### Assigned task
All lines from the one with "Living - 620" to the end of the entries below must be written out exactly. Leave out any other line.
Records supplied Start Marker
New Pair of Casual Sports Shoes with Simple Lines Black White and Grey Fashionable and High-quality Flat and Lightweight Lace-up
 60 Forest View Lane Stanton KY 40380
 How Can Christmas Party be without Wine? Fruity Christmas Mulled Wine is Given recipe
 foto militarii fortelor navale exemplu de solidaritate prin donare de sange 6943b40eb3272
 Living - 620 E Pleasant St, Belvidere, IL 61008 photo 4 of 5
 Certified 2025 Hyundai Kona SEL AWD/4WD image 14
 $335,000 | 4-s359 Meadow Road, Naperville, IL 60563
Records supplied End Marker
### Response to the exercise
 Living - 620 E Pleasant St, Belvidere, IL 61008 photo 4 of 5
 Certified 2025 Hyundai Kona SEL AWD/4WD image 14
 $335,000 | 4-s359 Meadow Road, Naperville, IL 60563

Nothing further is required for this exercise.